Dans son article 3 idées reçues sur Internet (Sciences Humaines), Antonio Casilli déclarait déjà en 2011 : « La rupture entre espace physique et espace numérique devient caduque, impensable, tandis que notre quotidien s’affiche comme l’espace même où l’informatique a lieu. Les données qui circulent d’une borne wifi à l’autre pénètrent notre réalité en saturant l’espace concret des villes, des maisons, des corps mêmes des usagers. […] L’informatique actuelle est capable de numériser la réalité, […] en l’augmentant : les objets ne se dématérialisent pas, mais ils produisent et transmettent des fichiers, des textes, des sons et des images digitales ». à l’idée d’une forme de « vidage » du réel au profit du monde « virtuel », Casilli oppose en fait le concept de « réalité augmentée ».
Nous avons souvent souligné que la plupart des pratiques sur le web ont une dimension relationnelle : commenter un statut ou un article, chatter, tweeter, « liker » un contenu, partager un article ou une opinion, etc. Même les applications ou les jeux en ligne où les joueurs sont chacun derrière leur écran suscitent des interactions entre les usagers, qui soit y retrouvent leurs amis, soit y tissent des relations nouvelles. De plus, ces jeux sont souvent vecteurs de sujets de conversation. Ils peuvent alimenter les relations du réel. Même dans des jeux comme Second Life, dans lesquels l’idée était de se créer une « autre vie » que celle du quotidien, nous ne sommes pas dans un simulacre. Les gens y investissent de leur personne et l’utilisent comme un complément ou un supplément de réel. Internet n’est donc pas un monde à part, mais un « nouveau territoire » dans lequel se jouent nos échanges avec les autres.
Imaginons que nous puissions créer une intelligence virtuelle capable d’interagir avec l’humain sans que l’on soit capable de la distinguer d’un ordinateur classique. Ce cas de figure est actuellement envisagé dans des fictions (le film IA, la série Humans…). Le film Her met en scène un être humain qui progressivement se voit troublé par ses interactions avec la machine. Ses émotions sont bien réelles, même si leur « objet » n’existe pas matériellement.
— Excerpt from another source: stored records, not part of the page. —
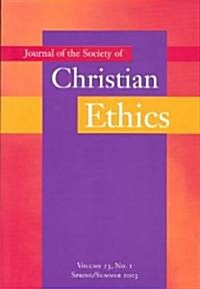 Journal of the Society of Christian Ethics: Spring/Summer 2003, Volume 23, No. 1 (Paperback)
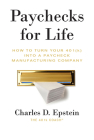 Paychecks for Life: How to Turn Your 401 (K) Into a Paycheck Manufacturing Company By Charlie Epstein Cover Image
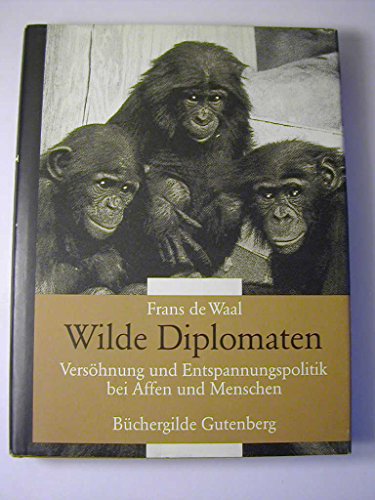 9783763239467: Wilde Diplomaten : Vershnung und Entspannungspolitik bei Affen und Menschen. - Frans de Waal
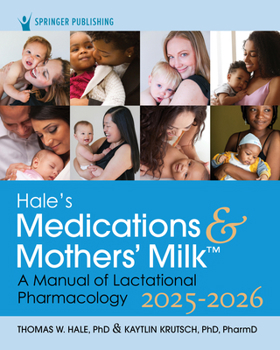 Paperback Hale's Medications & Mothers' Milk 2025-2026: A Manual of Lactational Pharmacology Book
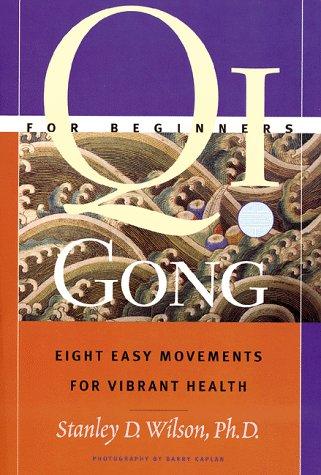 Qi Gong for Beginners: Eight Easy Movements for Vibrant Health: Eight Silken Movements for Vibrant Health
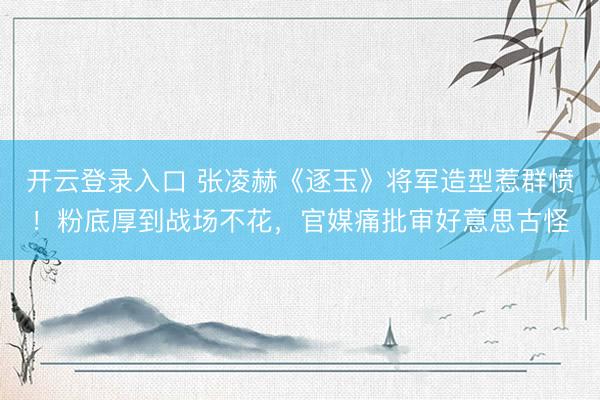 开云登录入口 张凌赫《逐玉》将军造型惹群愤！粉底厚到战场不花，官媒痛批审好意思古怪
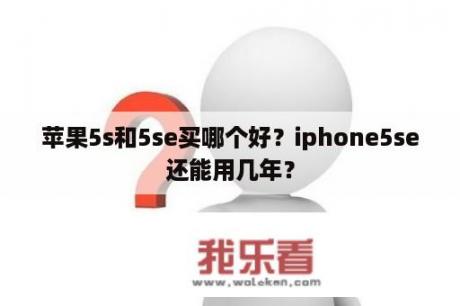 苹果5s和5se买哪个好？iphone5se还能用几年？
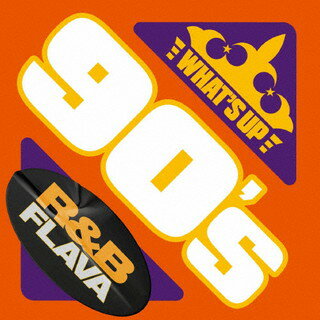 【国内盤CD】WHAT'S UP 90's R&B FLAVA[3枚組]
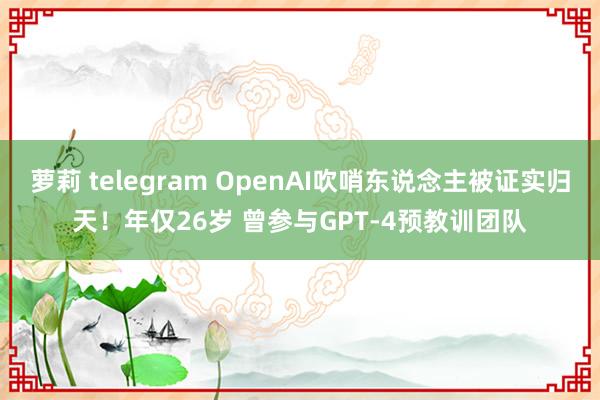 萝莉 telegram OpenAI吹哨东说念主被证实归天！年仅26岁 曾参与GPT-4预教训团队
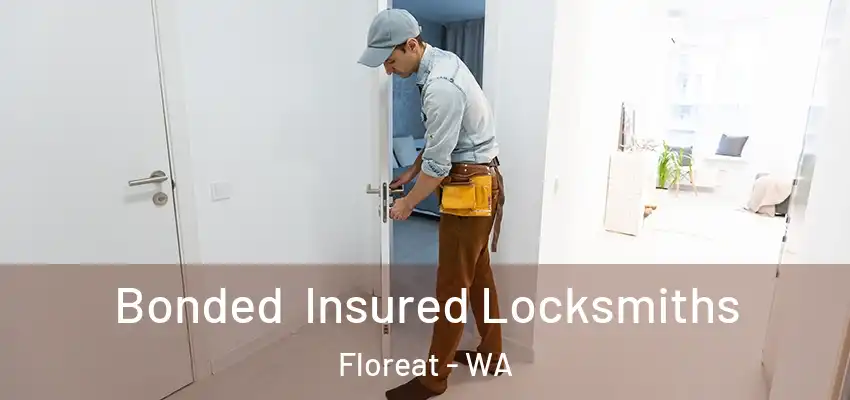 Bonded Insured Locksmiths Floreat - WA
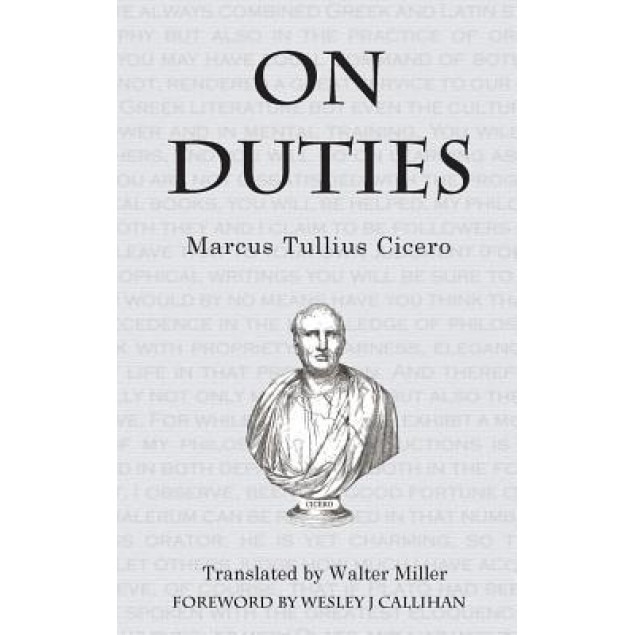 On Duties, Marcus Tullius Cicero (Author)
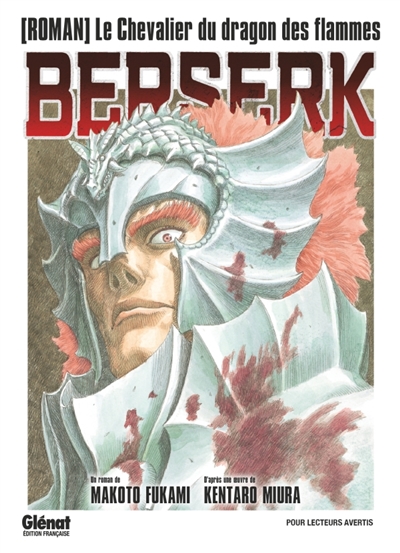 Berserk : le chevalier du...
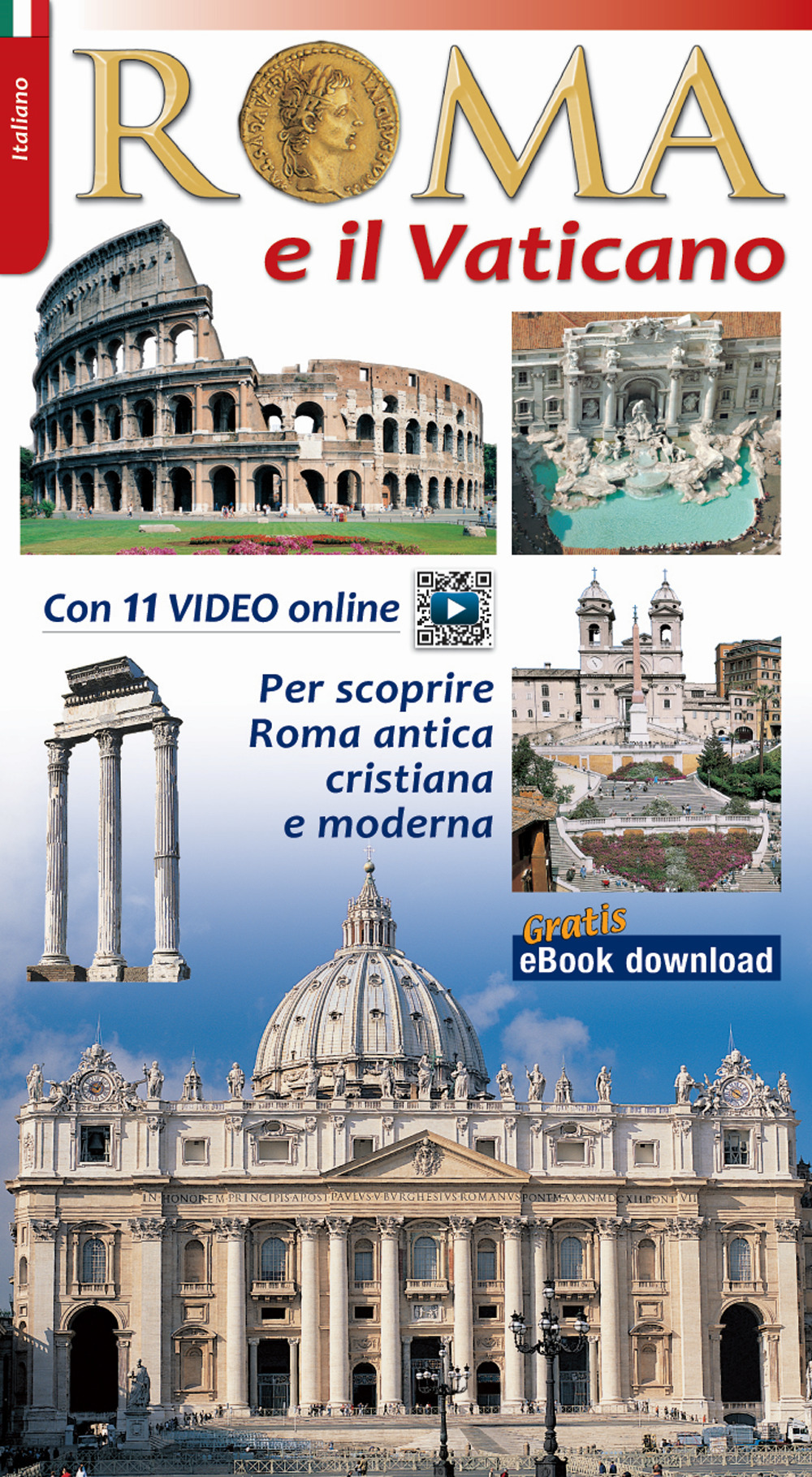 Roma e il Vaticano. Per scoprire la Roma archeologica e monumentale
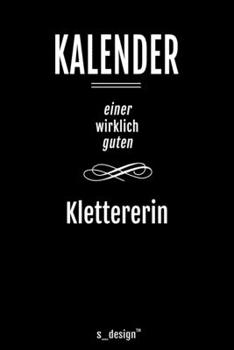 Kalender für Kletterer / Klettererin: Immerwährender Kalender / 365 Tage Tagebuch / Journal [3 Tage pro Seite] für Notizen, Planung / Planungen / Planer, Erinnerungen, Sprüche (German Edition)
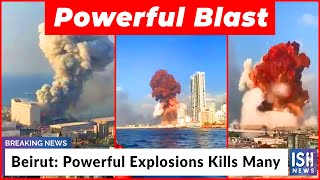 Beirut: Powerful Explosions Kills Many
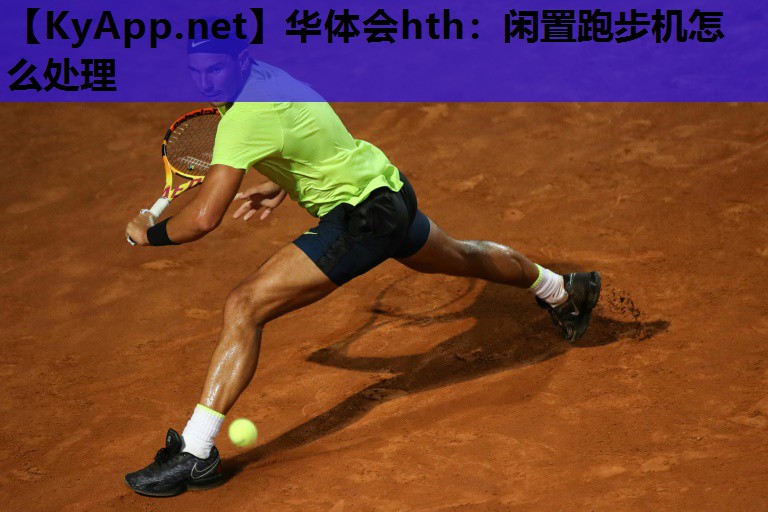华体会hth：闲置跑步机怎么处理
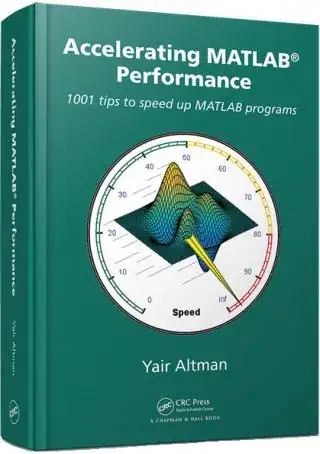 Accelerating Matlab Performance book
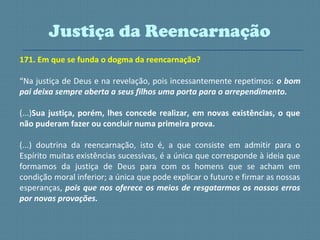 171. Em que se funda o dogma da reencarnação?
“Na justiça de Deus e na revelação, pois incessantemente repetimos: o bom
pai deixa sempre aberta a seus filhos uma porta para o arrependimento.
(...)Sua justiça, porém, lhes concede realizar, em novas existências, o que
não puderam fazer ou concluir numa primeira prova.
(...) doutrina da reencarnação, isto é, a que consiste em admitir para o
Espírito muitas existências sucessivas, é a única que corresponde à ideia que
formamos da justiça de Deus para com os homens que se acham em
condição moral inferior; a única que pode explicar o futuro e firmar as nossas
esperanças, pois que nos oferece os meios de resgatarmos os nossos erros
por novas provações.
Justiça da Reencarnação
 
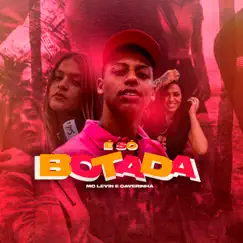 É Só Botada - Single by MC Levin & Caverinha album reviews, ratings, credits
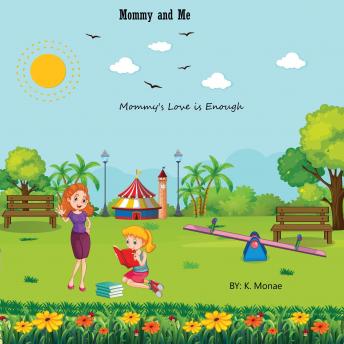 Enjoy Mommy and Me: Mommy's Love is Enough from K. Monae episode artwork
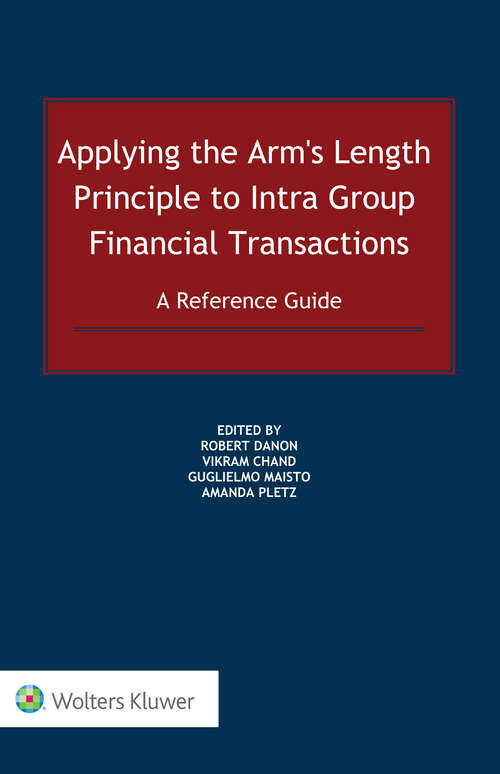 Book cover of Applying the Arm's Length Principle to Intra-group Financial Transactions: A Reference Guide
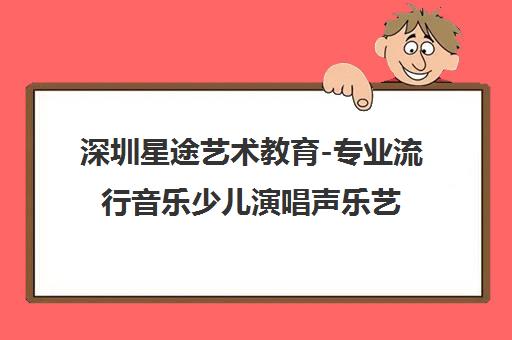 深圳星途艺术教育-专业流行音乐少儿演唱声乐艺考培训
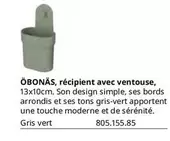 ÓBONAS, RÉCIPIDENT AVEC VENTOUSE, offre sur IKEA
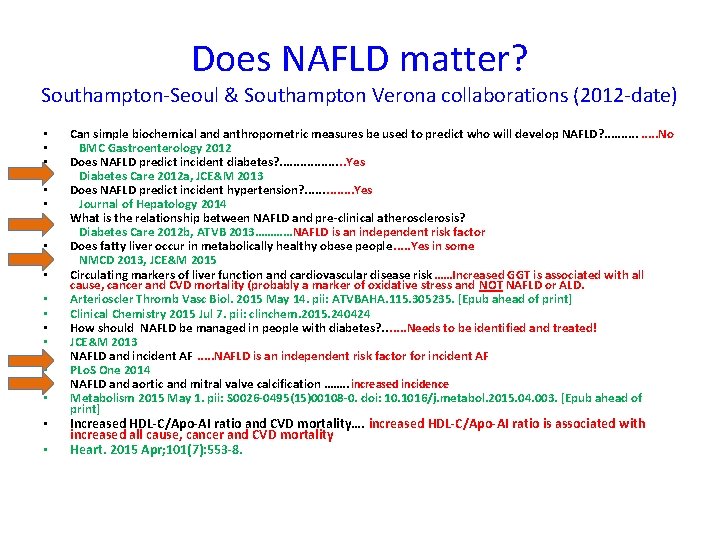 Does NAFLD matter? Southampton-Seoul & Southampton Verona collaborations (2012 -date) • • • •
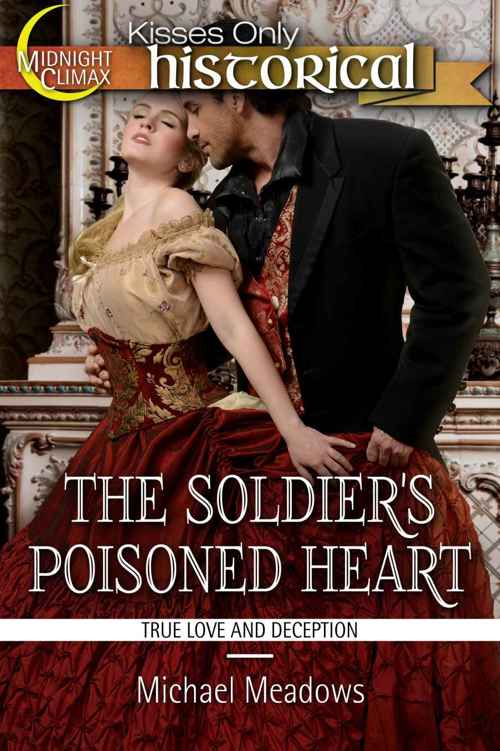 The Soldier's Poisoned Heart (True Love and Deception) (Victorian Historical Romance Book 1)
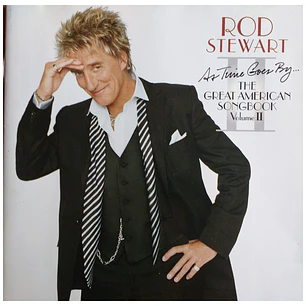 ROD STEWART - AS TIME GOES BY: THE GREAT AMERICAN SONGBOOK VOL II / CD USADO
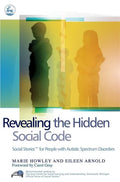 Revealing the Hidden Social Code: Social Stories (Tm) for People with Autistic Spectrum Disorders - Paperback
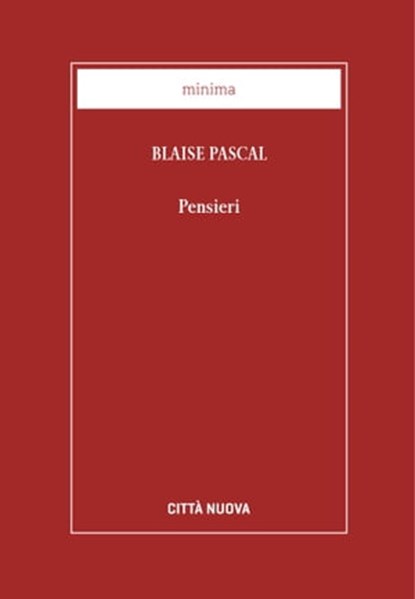 Pensieri, Blaise Pascal - Ebook - 9788831120340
Sans aller aussi loin, en observant des jeunes et des adultes qui s’émeuvent, s’amusent, s’énervent, s’attristent ou se déchirent à travers les réseaux sociaux, nous pouvons constater qu’il y a bien du réel au sein du virtuel.
En remontant à Kant, nous savons que nous construisons le monde et l’appréhendons toujours à travers des « intermédiaires » (ne seraient-ce que nos cinq sens). Notre « système perceptif » est en fait comme une sorte de « premier média », « premier écran » qui est prolongé par les autres technologies. Il est donc illusoire de penser qu’il y a une frontière nette entre deux mondes indépendants et séparés, l’un étant « la réalité » et l’autre un simple simulacre…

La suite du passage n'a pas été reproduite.